Human Cytomegalovirus: The Implications of MicroRNAs in Latency and Therapeutics


Harvir Grewal

Volume 4
Fall 2019 / Winter 2020

Human cytomegalovirus (HCMV) infects the majority of the world’s population. Primary infection is generally asymptomatic in healthy individuals and as with all herpesviruses, a lifelong latency associated with periodical reactivations is established. It is a common congenitally acquired infection and cause of congenital neurological disease. In immunocompromised individuals, such as HIV/AIDS patients and organ transplant recipients, HCMV poses a high risk of severe disease and death. A major cause of opportunistic infections in these individuals, HCMV is able to spread and damage multiple organs by direct cytopathic effects.

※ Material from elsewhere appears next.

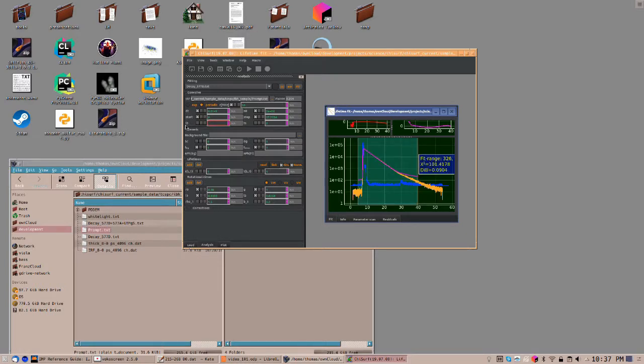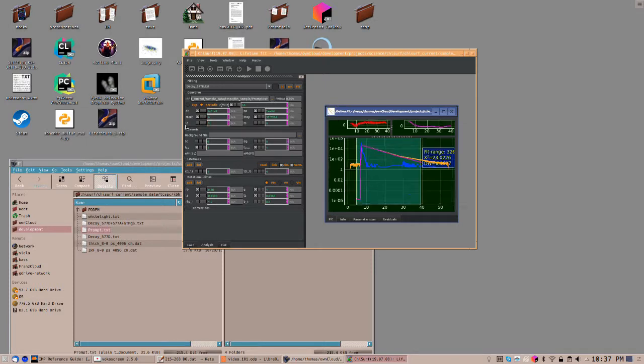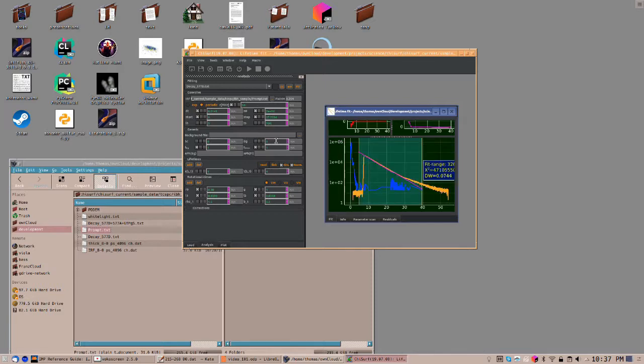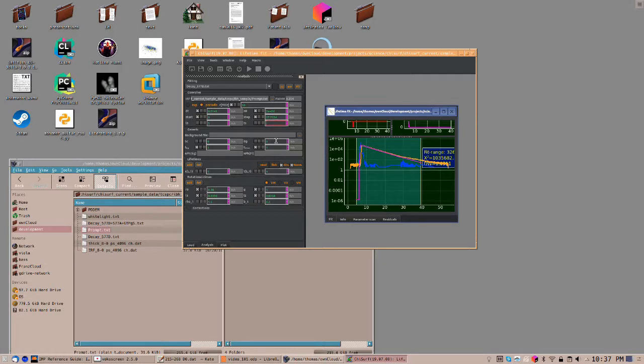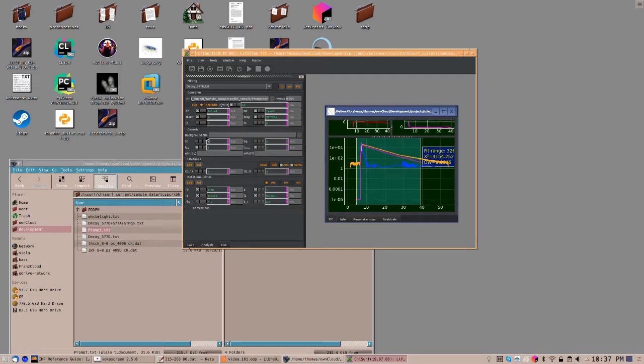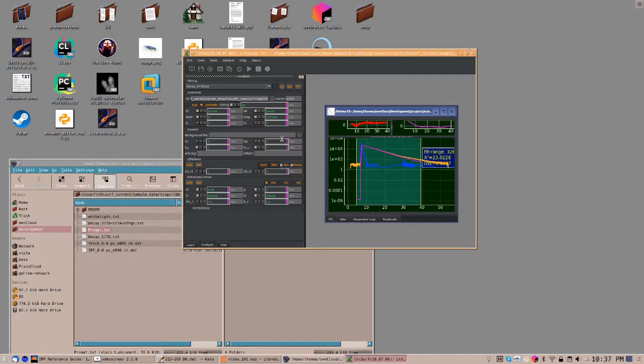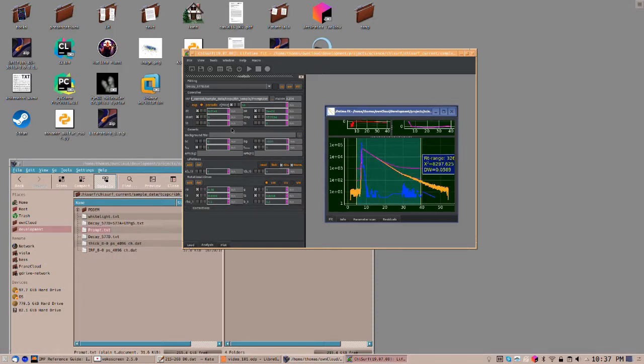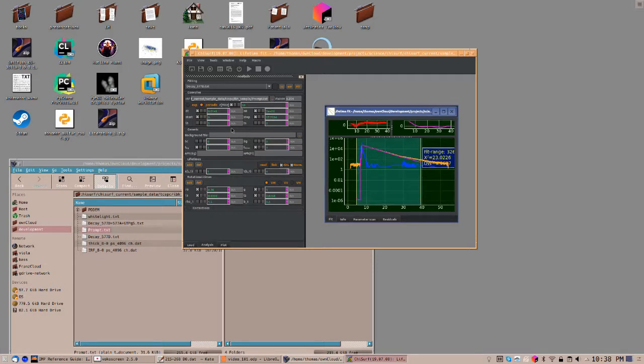Usually, only positive values make sense. TS refers to the time shift of the instrument response function. SC refers to the scattered light. BG refers to the background, a constant offset.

Due to limitations associated with current therapeutics there is a need for the development of novel therapeutics, particularly for these individuals. MicroRNAs (miRNAs) act as important post-transcriptional regulators for many normal cellular processes in many organisms. In recent years miRNAs have also been identified in a number of double-stranded DNA viruses, including herpesviruses, and have been implicated in the regulation of viral and host genes. As has been observed for a number of other herpesviruses, viral miRNAs are expressed during both lytic infection and latency for HCMV. How HCMV establishes and maintains latency is not fully understood. While studies have clarified some of the roles of miRNAs for lytic HCMV infection, their roles during latent infection are not as defined. This article will provide an overview of what is currently known about HCMV latency, the possible roles of some key host and viral miRNAs in HCMV latency, and a novel therapeutic approach for targeting HCMV latency along with current obstacles to this approach. Understanding how miRNAs contribute to the lifecycle of HCMV and its pathogenesis may change how we approach therapeutics, particularly for organ transplant recipients at risk for severe HCMV-mediated disease.